ABSTRACT

Chapter three examines John Dewey’s trip to China in 1919-1921. Dewey’s trip has been characterized by scholars as powerfully influencing China’s young intellectuals. But the evidence suggests Dewey was not as influential as previously thought. Another trip, that of Hu Shih to the United States to study from 1911-1917 promised more influence in China’s future. Hu Shih was Dewey’s student at Columbia University and became a devoted pragmatist. On his return to China and with Dewey’s trip, Hu Shih was Dewey’s translator and he made arrangements for many of the over 200 lectures Dewey gave during his time in China. Hu Shih attempted to convince the Chinese people they needed to liberate themselves from ancient traditions and superstitions and embrace modern rational scientific thinking. His pleading fell on deaf ears. Hu Shih saw Liang Qichao as the intellectual father of modern China and his intellectual mentor. As an intellectual Hu, unlike Liang, refused to pursue politics and nationalism to modernize China, and it left him with a small and shrinking audience. Another Chinese intellectual, Lu Xun more successfully reached the Chinese people with writings that became popular not just in China but worldwide.

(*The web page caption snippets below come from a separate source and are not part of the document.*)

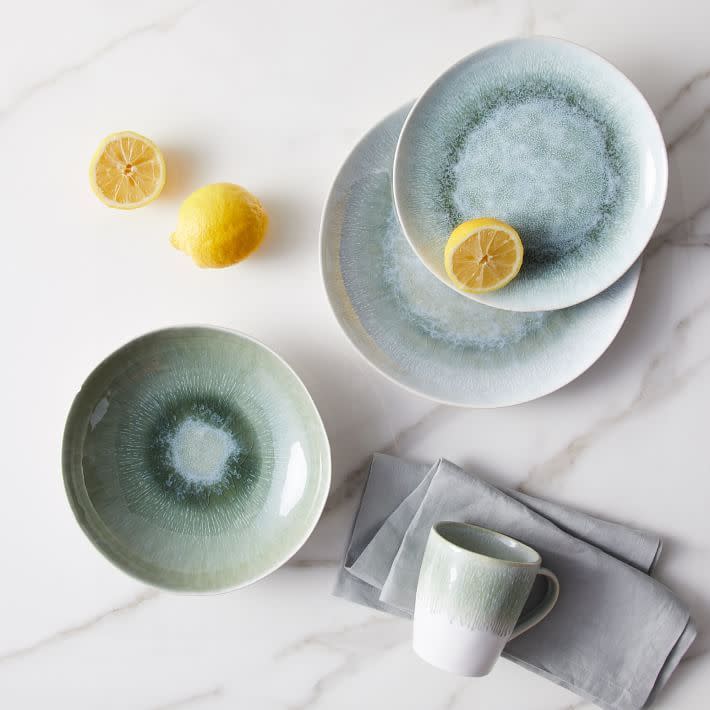 Reactive Glaze 20-Piece Stoneware Dinnerware Set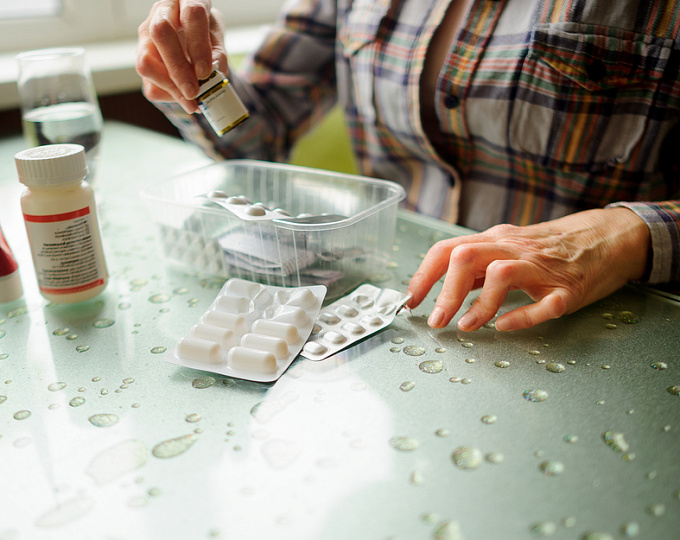 Тофацитиниб при ревматоидном артрите: стоит ли опасаться увеличения риска онкологических заболеваний?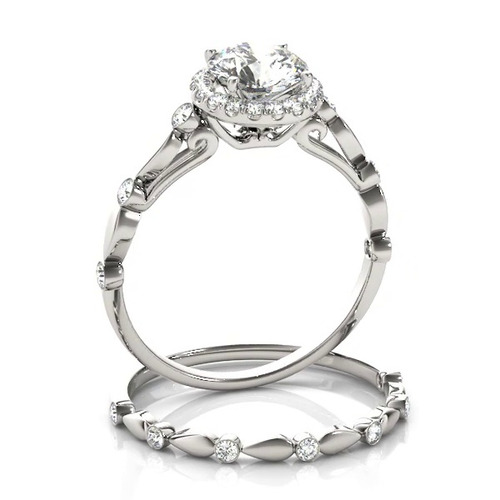 360 degree view of Cora Halo Engagement Ring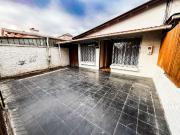 Casa En Venta Maipú. Remodelada. Conjunto De Pasaje Cerrado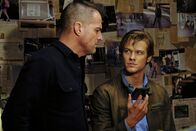 MacGyver – Treibt der Zodiac-Killer wieder sein Unwesen? Nach dem Tod des Patenkindes von Phoenix Foundation-Chefin Matty Webber, suchen MacGyver (Lucas Till, r.) und Jack Dalton (George Eads, l.) den brutalen Serienkiller. Können sie ihn finden?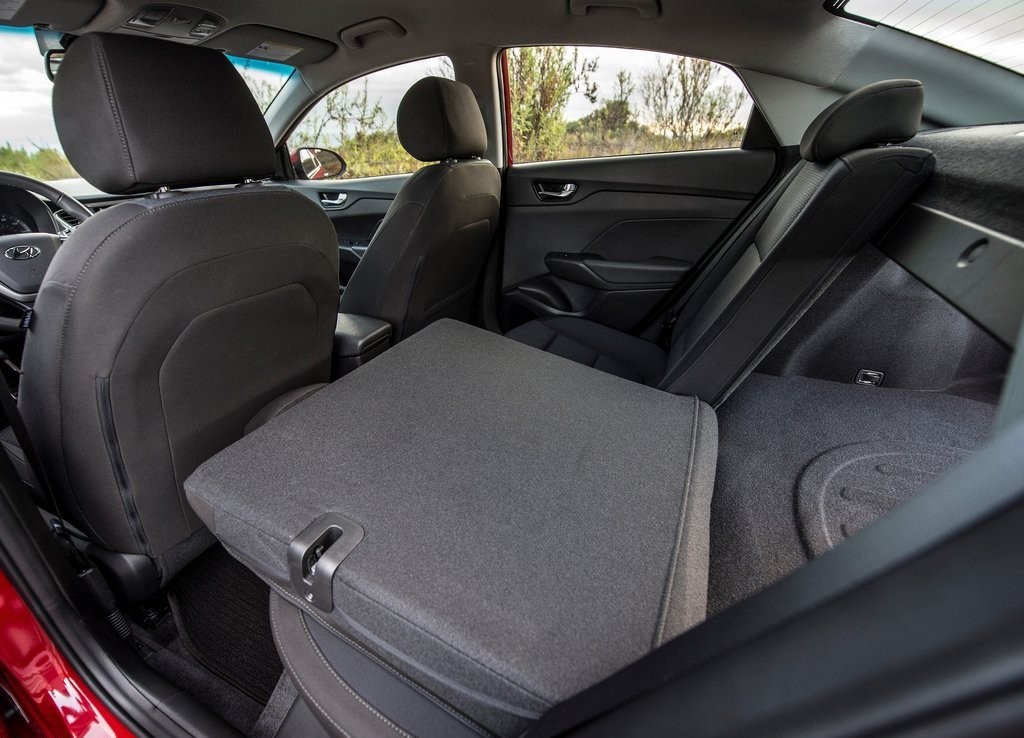 HYUNDAI ACCENT, foto 18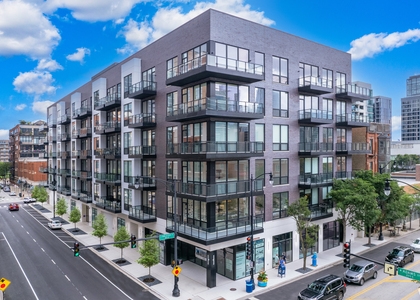 812 W Adams Street - Photo 1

Yet another trip, Lu’s sojourn to Japan where he studied from 1905-1907, became the basis for his turn toward the Chinese nation. He saw the lack of unity and loyalty of the Chinese people as a major impediment to political stability and modernity in China. A skeptical Lu Xun rejected both Chinese traditions and westernization and the solution, a stronger sense of national loyalty for China, evaded Lu. Ironically, Hu Shih who had also rejected nationalism as a dangerous manipulation, became a staunch nationalist after Japan invaded China proper in 1937. He served as China’s Ambassador to the United States during World War II.